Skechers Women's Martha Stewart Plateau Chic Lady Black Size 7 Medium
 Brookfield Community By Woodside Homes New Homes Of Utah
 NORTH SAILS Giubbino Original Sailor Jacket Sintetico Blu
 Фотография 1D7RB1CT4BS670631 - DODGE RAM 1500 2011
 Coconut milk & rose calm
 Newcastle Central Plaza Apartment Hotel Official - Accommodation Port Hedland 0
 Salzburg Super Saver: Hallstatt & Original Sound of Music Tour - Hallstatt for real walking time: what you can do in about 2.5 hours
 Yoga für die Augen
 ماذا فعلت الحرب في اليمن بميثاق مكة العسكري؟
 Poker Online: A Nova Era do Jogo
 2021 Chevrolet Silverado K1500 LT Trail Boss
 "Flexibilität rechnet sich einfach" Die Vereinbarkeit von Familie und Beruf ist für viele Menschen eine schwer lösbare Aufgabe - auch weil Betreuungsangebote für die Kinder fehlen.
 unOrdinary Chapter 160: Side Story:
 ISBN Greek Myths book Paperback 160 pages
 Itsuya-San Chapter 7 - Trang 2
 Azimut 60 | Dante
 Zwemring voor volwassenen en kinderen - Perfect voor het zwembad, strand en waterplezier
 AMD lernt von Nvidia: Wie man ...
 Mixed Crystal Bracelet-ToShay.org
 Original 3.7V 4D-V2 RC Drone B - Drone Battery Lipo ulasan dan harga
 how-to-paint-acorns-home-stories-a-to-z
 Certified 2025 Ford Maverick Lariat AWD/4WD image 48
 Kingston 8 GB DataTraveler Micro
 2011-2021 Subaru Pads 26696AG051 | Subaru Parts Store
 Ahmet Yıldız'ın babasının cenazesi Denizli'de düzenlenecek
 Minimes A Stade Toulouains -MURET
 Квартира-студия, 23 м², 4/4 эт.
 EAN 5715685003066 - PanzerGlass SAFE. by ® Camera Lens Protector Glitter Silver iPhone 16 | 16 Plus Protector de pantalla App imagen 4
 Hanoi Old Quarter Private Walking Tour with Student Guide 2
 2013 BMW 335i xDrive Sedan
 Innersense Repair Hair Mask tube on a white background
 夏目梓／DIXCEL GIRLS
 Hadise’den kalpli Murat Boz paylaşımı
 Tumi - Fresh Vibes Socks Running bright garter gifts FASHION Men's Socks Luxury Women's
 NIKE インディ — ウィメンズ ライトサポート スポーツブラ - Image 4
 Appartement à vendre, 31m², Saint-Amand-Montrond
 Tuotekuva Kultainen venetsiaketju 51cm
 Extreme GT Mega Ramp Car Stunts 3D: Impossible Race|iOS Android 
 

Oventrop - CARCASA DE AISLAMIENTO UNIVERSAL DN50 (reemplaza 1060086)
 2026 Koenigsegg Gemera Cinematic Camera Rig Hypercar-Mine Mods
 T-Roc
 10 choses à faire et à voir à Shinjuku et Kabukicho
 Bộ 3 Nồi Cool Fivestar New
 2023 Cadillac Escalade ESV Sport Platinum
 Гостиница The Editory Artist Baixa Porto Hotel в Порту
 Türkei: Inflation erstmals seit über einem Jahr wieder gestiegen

Task directions
Scan the lines above for "2011-2021 Subaru Pads" and for "EAN 5715685003066 - PanzerGlass". Repeat exactly the line holding each of them and every line in between.

Result for this exercise
 2011-2021 Subaru Pads 26696AG051 | Subaru Parts Store
 Ahmet Yıldız'ın babasının cenazesi Denizli'de düzenlenecek
 Minimes A Stade Toulouains -MURET
 Квартира-студия, 23 м², 4/4 эт.
 EAN 5715685003066 - PanzerGlass SAFE. by ® Camera Lens Protector Glitter Silver iPhone 16 | 16 Plus Protector de pantalla App imagen 4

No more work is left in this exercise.